The project was to provide offsite replication of all systems and quick recovery time in the event of site disaster or server failure.

What we started with

As with all projects the first stage is to find out the customers goal and then advise if this goal can be improved upon. Therefore, FSL stated that they wanted the quickest possible Recovery time should either the physical server fail, or if there was a complete site Disaster such as fire or theft.

The first stage of such a project is to do due diligence to find out about the data. We need to find out the following:

What do we need to back up?
How much total data is there?
How frequently should we back this up?
Where does it need backing up to?
RPO – What is the recovery point objective?
RTO – What is the recovery time objective?
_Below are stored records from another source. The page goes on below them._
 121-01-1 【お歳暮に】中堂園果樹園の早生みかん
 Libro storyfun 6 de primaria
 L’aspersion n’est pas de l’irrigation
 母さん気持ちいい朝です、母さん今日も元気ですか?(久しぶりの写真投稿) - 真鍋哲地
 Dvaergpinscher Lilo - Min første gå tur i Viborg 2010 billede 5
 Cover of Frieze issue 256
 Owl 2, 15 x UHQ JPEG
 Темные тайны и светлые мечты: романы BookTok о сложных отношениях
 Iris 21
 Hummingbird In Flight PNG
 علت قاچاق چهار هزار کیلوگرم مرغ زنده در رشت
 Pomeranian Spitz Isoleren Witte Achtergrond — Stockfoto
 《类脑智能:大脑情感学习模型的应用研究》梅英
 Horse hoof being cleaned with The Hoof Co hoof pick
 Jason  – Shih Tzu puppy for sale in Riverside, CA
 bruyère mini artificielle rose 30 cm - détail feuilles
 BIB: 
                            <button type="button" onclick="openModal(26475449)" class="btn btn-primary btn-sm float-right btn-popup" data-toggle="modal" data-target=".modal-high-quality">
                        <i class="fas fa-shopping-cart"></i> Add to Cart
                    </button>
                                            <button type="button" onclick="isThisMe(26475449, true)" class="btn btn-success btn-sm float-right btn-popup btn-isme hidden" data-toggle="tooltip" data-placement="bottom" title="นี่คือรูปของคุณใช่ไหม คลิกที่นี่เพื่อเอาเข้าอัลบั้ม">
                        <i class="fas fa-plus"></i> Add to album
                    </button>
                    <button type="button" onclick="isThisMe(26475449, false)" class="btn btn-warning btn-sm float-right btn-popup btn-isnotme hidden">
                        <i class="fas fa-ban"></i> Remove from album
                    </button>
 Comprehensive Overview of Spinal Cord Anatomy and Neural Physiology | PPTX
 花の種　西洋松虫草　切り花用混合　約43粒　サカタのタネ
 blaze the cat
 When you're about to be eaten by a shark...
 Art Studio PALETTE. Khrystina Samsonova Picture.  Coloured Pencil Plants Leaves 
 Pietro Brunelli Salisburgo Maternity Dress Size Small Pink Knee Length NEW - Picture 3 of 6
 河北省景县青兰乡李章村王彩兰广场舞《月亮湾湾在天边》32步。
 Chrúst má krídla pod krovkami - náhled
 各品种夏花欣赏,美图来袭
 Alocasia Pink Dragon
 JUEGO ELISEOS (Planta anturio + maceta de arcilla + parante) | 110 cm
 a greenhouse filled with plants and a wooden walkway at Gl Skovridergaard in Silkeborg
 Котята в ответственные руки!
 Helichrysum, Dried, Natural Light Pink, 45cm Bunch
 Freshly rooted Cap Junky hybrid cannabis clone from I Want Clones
The research showed the following

What do we need to backup?
There were six virtual machines that needed backing up spread across two physical servers.
How much total data is there?
3TB in total

How frequently should we back this up?
We suggested hourly onsite backups 24 hours a day and nightly offsite backups of all data. FSL agreed.
Where does it need backing up to?
All data needs to be stored offsite in case of an onsite disaster such as fire or theft. This is our suggestion to all customers.

RPO – What is the recovery point objective?

The recovery point object states how far back the backups go and how granular they are. In this case FSL agreed that they would be able to go back as far as 2 months. For granularity, the following was agreed:

Hourly backups are kept from the current day to 14 days
Daily backups are kept from 15 – 28 days
Weekly backups are kept from 29 – 56 days

RTO – What is the recovery time objective?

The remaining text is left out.